Page 53 of Dirt Driven

“What’s a lot lizard?” Kinsley asked.

Last year, Caden had a very unfortunate and unforgettable experience at a truck stop in Minnesota. He swore off them for an entire year after a woman, who was old enough to be his grandma, followed him into the bathroom and locked him in there wanting a piece of the candy cane, as she put it. Luckily he was rescued by Tommy and Lane, but it stuck with him.

Now apparently he’d met his breaking point. Standing outside his motor home, he stripped down to his underwear, tossed his clothes in a trash can and refused to talk about it.

Back inside, Rager stared at the gas station and then laughed. “What are you laughing at?”

He pointed toward the row of trucks on the other side of the parking lot. It was Willie and Tommy in their van talking to the chick in the leopard pants. “I bet you twenty bucks they paid that chick to go into the bathroom at the same time.”

Knowing Tommy and Willie, I certainly wouldn’t put it past them.

ELDORA SPEEDWAY

NEW WESTON, OHIO

“WHEN IS THEsurgery scheduled for?”

“August eighteenth,” I told Kinsley, who sat with me as the morning at Eldora moved slowly. I’d just finished making the kids’ breakfast; Rager was still asleep inside. “I wanted to wait until after Knoxville Nationals and then I figured I’d just stay home for the final West Coast swing.”

“That’s good timing.” Kinsley was feeding Jameson Grace, who she had cradled in a plush pink blanket. “Are you nervous?”

I nodded. “A little, but I think in a weird way, I’m excited to have perky tits again. Babies drain them.”

She laughed as she ran her fingertips over her baby’s cheek. “Can’t wait for that to happen,” she teased, winking at me.

With my coffee in hand, I watched my kids eating off paper plates in front of the motor home. Knox’s sausage link rolled off his plate and into the grass, but he ate it anyway. Didn’t matter to him. He ate fucking sticks like they were candy. Yes, I asked his pediatrician about this. It’s… normal. Kind of.

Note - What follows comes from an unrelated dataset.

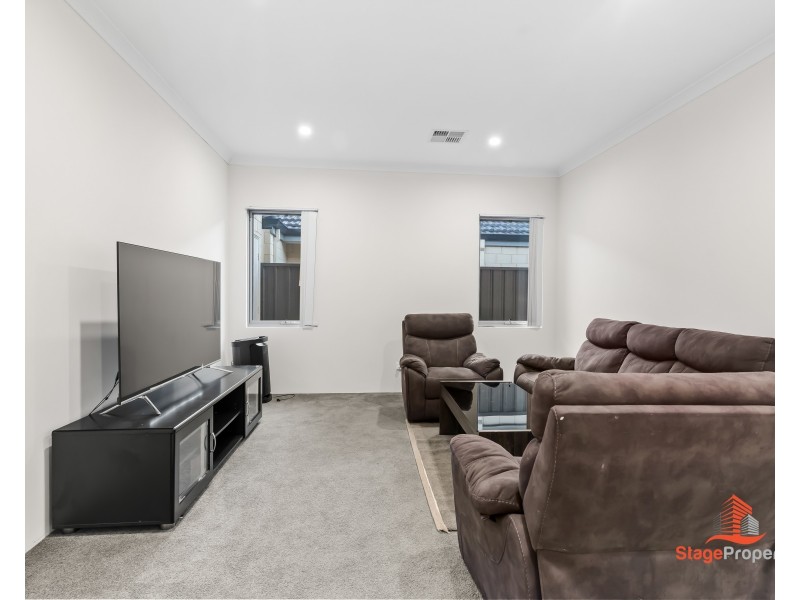 10 Greywacke Entrance, Piara Waters WA 6112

The camping lot we were in was starting to come to life. Caden eventually joined Kinsley outside with coffee in one hand and a donut in the other. “Hey,Closer.”

He grinned, chocolate on his lips and leaned to the side in the camp chair. “I still haven’t come close to the Sweet Spots two-hundred wins.”

It was true, he hadn’t, but no one had touched Jimi’s record of over five hundred and thirteen outlaw wins. Or my dad’s three hundred and thirty-nine. “He’s been racing since you were a baby though,” I pointed out.

“Someday I’ll get there.” He took the baby from Kinsley as she adjusted her shirt. “Hey, baby,” he cooed, holding his daughter close to him and rubbing her back. She made the cutest baby noises and curled her legs up.

“I miss when they were that age.”

“I miss being young enough that when I woke up, my back didn’t hurt,” Rager added, stumbling out of the motor home in a pair of shorts and no shirt, and coffee in hand.

I gawked at him, knowing that with every year he got older, the better looking he got to me. I couldn’t wait to be old and gray with him. “Oh, please, you’re in better shape than most of the kids around here.”

Caden coughed, handed the baby over to Kinsley and lifted his shirt. “Aside from me.”

I glanced at his stomach and snorted. Dude had a twenty-pack, if that was a thing. “Okay, maybe aside from him.”

That earned me a glare from my husband. “Really? Did you just check him out right in front of me?”

“Oh, c’mon. I only looked. It’s not like I’m trying to seal the deal withthe Closer,” I teased, winking at Caden.

Caden grinned. “Or maybeI’mtrying to push the cushion with her.” He raised his hands up. “I do have a thing for brunettes.”

It was all in good fun. Caden never flirted with other women at the track. He was one hundred percent in love with Kinsley. But, my husband didn’t see it that way. Rager growled out a breath and before Caden knew it, he was flat on his back in the grass, but both of them were at least laughing.

Tommy came by for coffee, as he usually did, and brought Paxton with him.

“Paxton is going to draw tonight. He’s feeling lucky if you know what I mean…,” Tommy hinted. I was assuming that meant he got lucky last night, but by the flush to Paxton’s cheeks, and the kids sitting around, I didn’t push that conversation. It was strange seeing a kid his age around Tommy and Willie, and knowing damn well no good was going to come from it.

“Shouldn’t you be in school?” Rager asked, peering sideways at Paxton.